Generally speaking, five months is not a very long span of time. But five months can also be a long enough period of time to completely transform things for an individual. For example: Keegan Murray.
If you had told me at the end of October, on the cusp of the 2021-22 college basketball season, that he was going to be a strong contender for Big Ten Player of the Year, the Most Outstanding Player in the Big Ten Tournament, a consensus first team All-American, and a likely NBA Lottery pick, I would have asked you to pass the bottle so I could take a swig of whatever you were drinking. But five months later, here we are -- all of those things actually happened as Keegan had one of the best statistical seasons of the last 20 years and now he's headed to the NBA.
He expanded on his decision here:
The transformation of Keegan Murray from 2020-21 to 2021-22 is truly one of the most astounding things I've ever beheld -- not just as an Iowa fan, but as a sports fan. He was good last year -- 7.2 ppg, 5.1 rpg, and 2.1 steals + blocks per game made him an extremely effective sixth man for the Hawkeyes -- and we knew he would have a lot more opportunities this year in the absence of Luka Garza down low. But I don't think anyone expected him to explode like he did this season.
He ranked first in the nation in Player Efficiency Rating (37.8) and fourth in scoring (23.5), though he was tops among players from a major conference and he topped 20+ points 26 times this season and exceeded 25+ points 16 times, both of which were best in the nation. Not only could Murray put the ball in the bucket, but he could do it with ease and at every level; he was just as apt to launch a three over your head as he was to spin by you and dunk on your head. And god help you if he got the ball in transition. But he was more than just a scorer as well -- he averaged 8.7 rebounds per game and his 10 double-doubles were 51st in the nation. He also averaged almost two blocks a game (1.94) and was a consistent disruptive force on defense.
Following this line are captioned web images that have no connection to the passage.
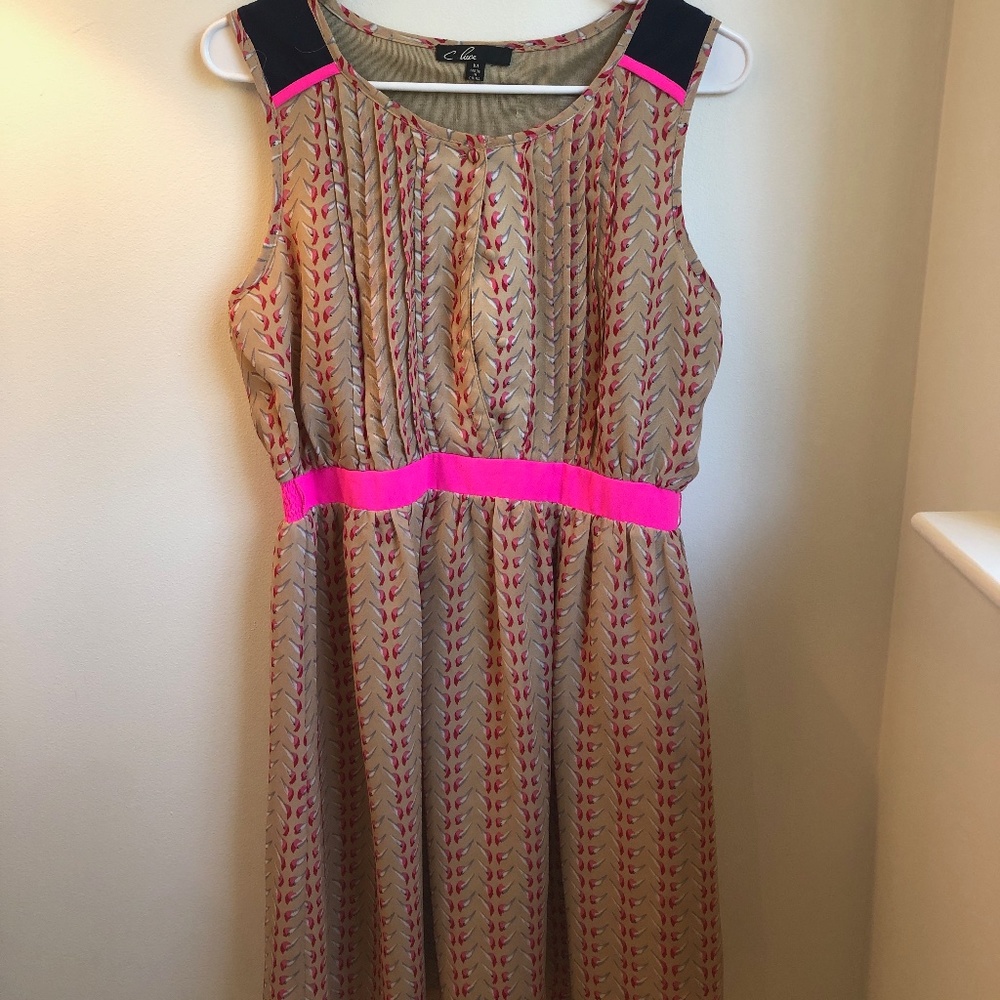 Patterned Dress - Picture 1 of 4
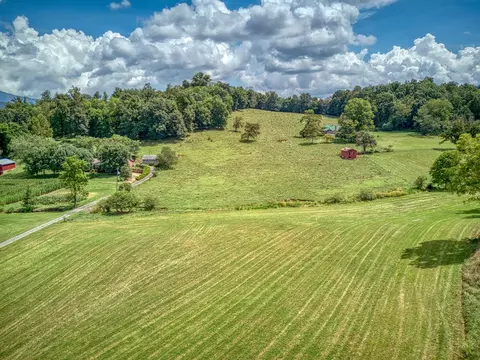 609 Caring Place Rd, Clyde, NC 28721 photo 24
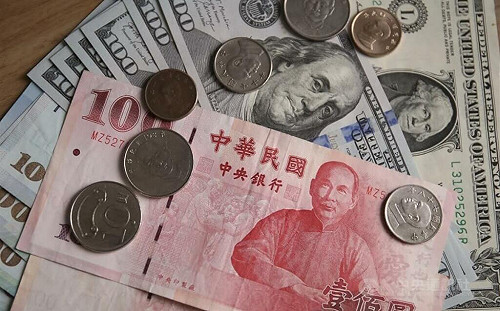 降息預期削弱 美元轉強新台幣重貶1.44角收32.883元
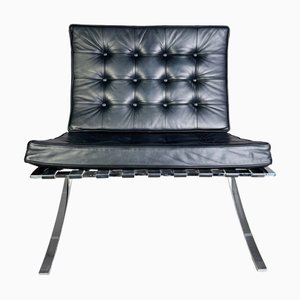 Sedia Barcelona di Mies Van Der Rohe per Knoll International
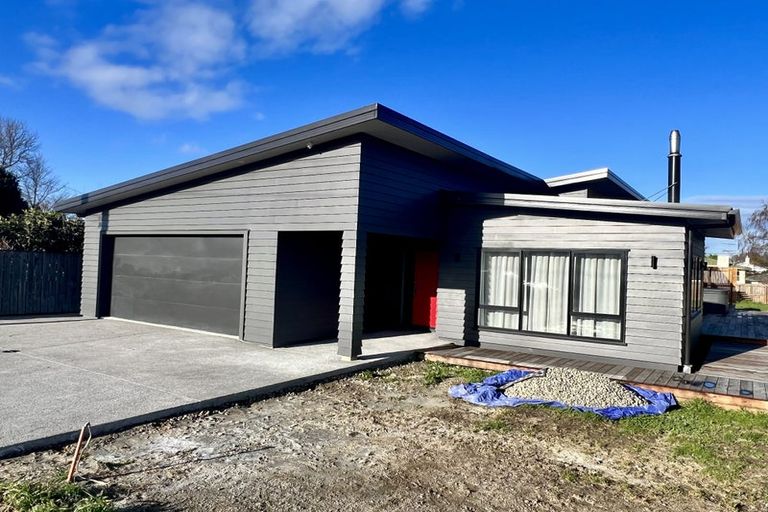Photo of property in 74 Cologne Street, Martinborough, 5711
All of that statistical excellence -- combined with his obvious physical and athletic gifts as a bouncy 6'8" forward with impressive leaping ability, wingspan, and lateral quickness -- has made all NBA Draft Lottery buzz go from somewhat wishful thinking before the season into a stone cold lock. He's a fixture in the lottery in NBA mock drafts, often in the 6-10 range. If Murray is selected in that range, it would place in some truly rarefied air. No Iowa player has gone in the first round since Ricky Davis was selected 21st in 1998. Only four Iowa players have ever been selected in the Top 10: Ronnie Lester (#10, 1980), Fred Brown (#6, 1971), John Johnson (#7, 1970), and Chuck Darling (#9, 1952).
When you're being talked about as a likely Top 10 pick, your NBA Draft decision is pretty much a no-brainer. NIL makes it possible to earn more money as a college athlete than was previously possible -- but ads for Estela's Fresh Mex aren't in the same ballpark as NBA Top 10 draft pick salaries. Ziaire Williams was the 10th overall pick last year and he signed a 4-year contract worth $19.9 million.
I feel only profound gratitude for being able to watch what Keegan Murray did this year at Iowa. He was an incredibly thrilling, stupendously entertaining force of nature on the basketball court. In one of his Hyball columns this year, Bobby described Keegan as a player who "glides," which is a very apt way to describe his game. He glided his way through our lives as Iowa fans over the last two seasons -- and I'm so glad we got to see it. Good luck and godspeed in the NBA, Keegs.